== What you have to do ==
Every line below that holds the string "with" should be copied.

== Dataset extract ==
+---+

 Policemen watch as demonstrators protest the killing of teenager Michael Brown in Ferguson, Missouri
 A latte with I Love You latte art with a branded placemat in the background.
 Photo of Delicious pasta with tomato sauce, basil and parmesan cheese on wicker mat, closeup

+---+

== Task result ==
 A latte with I Love You latte art with a branded placemat in the background.
 Photo of Delicious pasta with tomato sauce, basil and parmesan cheese on wicker mat, closeup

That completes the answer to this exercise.